When reading Brian M. Ingrassia’s book The Rise of Gridiron University: Higher Education’s Uneasy Alliance with Big-Time Football, I was struck at the amount of detail presented on the early origins of football. I thought it was interesting how the author presents the adoption of football in its early days in the late nineteenth century as not a sure-fire thing due to concerns over its brutality and commercialism. For example, he points out how figures such as David Starr Jordan were influential in getting Californian colleges to adopt New Zealand style rugby instead of American football due to complaints about football’s immorality. I thought it was useful to include the philosophical debates that occurred in America during the nineteenth century surrounding sports with old-fashioned Whig educators despising sports, decrying them as “animalistic”, contrasted with the more progressive view at the time that exercise through sports curbed moral impurity. In the novel, I felt the overarching theme was the dichotomy of universities becoming ever more academically isolated from the American public through their research practices, while at the same time, becoming greater staples in American culture through their adoption of football and other public spectator sports. This dichotomy however, also brought challenges to the universities such as illicit gambling and football becoming a greater fixture and expenditure of university resources.

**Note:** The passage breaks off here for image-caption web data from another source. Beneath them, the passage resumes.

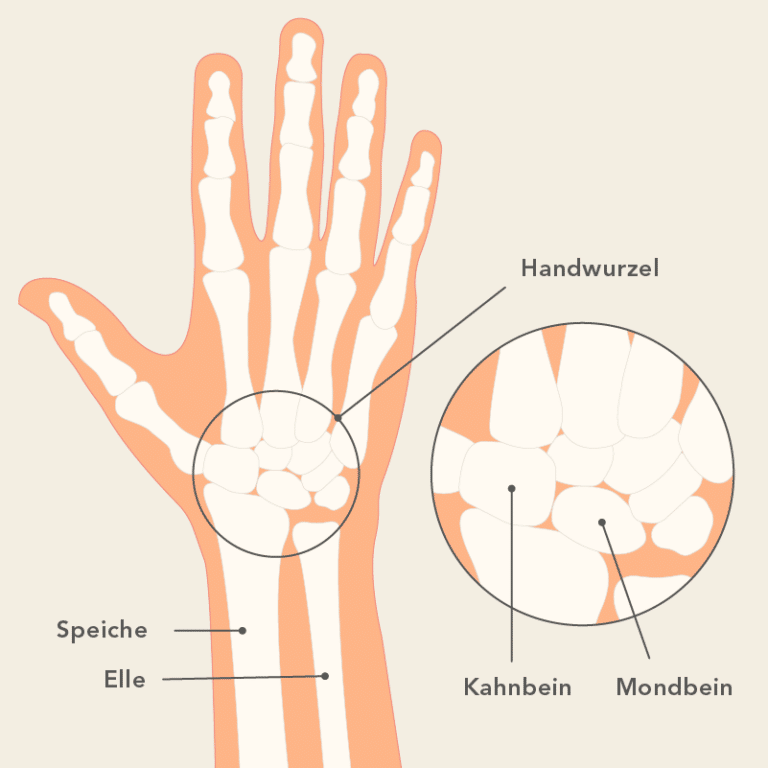 Arthrose im Handgelenk: Entstehung und Behandlung | Liebscher & Bracht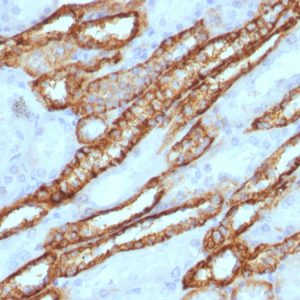 Formalin-fixed, paraffin-embedded Human Renal Cell Carcinoma Stained with KSP-Cadherin Rabbit Polyclonal Antibody.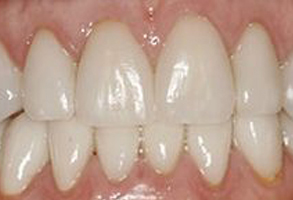 The image shows a close-up view of a person s teeth with a focus on a large gap between the front teeth, which appears to be a dental issue requiring attention.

            I think that Ingrassia is focusing his work squarely in the late nineteenth and early twentieth centuries and how football transformed from a disorganized mess into a sport with a standardized ruleset. From the second chapter onward, I think he will discuss the social implications of football, its symbolism, and the process of making the sport more palatable for a mass audience. An upcoming fixture of the novel might be the battle over the creation of football into a part of the American cultural space, similar to baseball during this time. A glaring question that I have currently is that of the cultural and social dissemination of football. At a regional level, football began in New England Universities such as Harvard and Rutgers yet eventually they spread to the South and Pacific Coast with no real context towards this transformation. I also wonder when the author will discuss the subsequent growth of football and adoption by the masses of the sport from its private college originators towards the more public state universities and colleges.